A second artful inspiration I’ve had is from Betty Edwards, author of Drawing on the Artist Within. Betty has inspired me as a teacher of design in how I try to break down design ideas and thinking for others. Betty claims that people are crappy artists because they don’t know how to see…and that by learning special ways of seeing, most of us could be able to become passable renderers of what we see. She believes everyone can be taught how to draw likenesses of what they see. I had a really bad pottery teacher in college who asked us to “feel what was in the clay and then create”. I was frustrated and created lumpy awkward pots because I lacked technique and this instructor didn’t teach any. As a teacher of design I don’t like it when my students create lumpy malformed objects. I teach them a number of techniques for seeing good formations of objects—role stereotypes, a smattering of patterns, the notion of domain entities and value objects from Eric Evans’ writing, a sense of control style choices. But sometimes these ways of seeing don’t click in and my students create strange designs. Or worse yet they get frustrated and just want to know what steps to go through to create passable designs—to heck with all this technique. All I can say is that design takes practice and reflection and technique. I don’t know how to teach design as a rote process.

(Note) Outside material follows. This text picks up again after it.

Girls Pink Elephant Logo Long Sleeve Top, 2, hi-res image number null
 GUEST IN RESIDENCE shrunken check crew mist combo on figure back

As a result of George’s tutorial, I got to know Henry Barager of Instantiated Software Inc. Besides being a skilled software architect, Henry’s a whiz at cryptic crosswords. Over lunch one day at OOPSLA Henry taught me about cryptic crosswords by working through one with me (Henry did most of the work but he patiently let me solve a few entries after explaining the basic idea). The key to solving a cryptic crossword entry is to figure out how to separate the word or word phrase you are solving for from the encrypting part. Then there are clues in the encrypting instructions part which may lead you to take some letters and jumble them (key words may imply that you create an anagram, wrap one word inside another, truncate a word, etc.) or not. For example: Flower came up. The answer is Rose. Rose is a flower, and “came up” is another meaning for rose. Simple, right? Well try this: Piece of technology in broken device tossed out. Give up? It is evicted (tossed out = evicted, that’s the definition. The rest of the encrypting part is this: A piece of technology is the “t”, broken device is “evic ed”—jumbled or broken).

Explaining the idea behind cryptic crosswords is fairly simple. Solving entries takes a lot of effort and getting your brain in a problem solving frame of mind. Solving them in real time as Henry does requires skill, experience, and intelligence. Teaching others how to solve them takes another kind of skill. The same goes for object design. Learning object concepts is trivial. Crafting simplistic solutions is, too. Putting together elegant designs that work for complex problems is much harder. It requires practices, reflection, as well as learning techniques from masters—who shouldn’t try to solve all the hard problems for you. I wish I’d had someone who would’ve demonstrated and helped me practice good technique when I was learning to shape pottery or to draw. I was fortunate to rub shoulders with some very bright Smalltalk folks when I was learning how to think in objects. Thanks to all the folks at Tektronix and Instantiations for teaching me how to see and build object designs.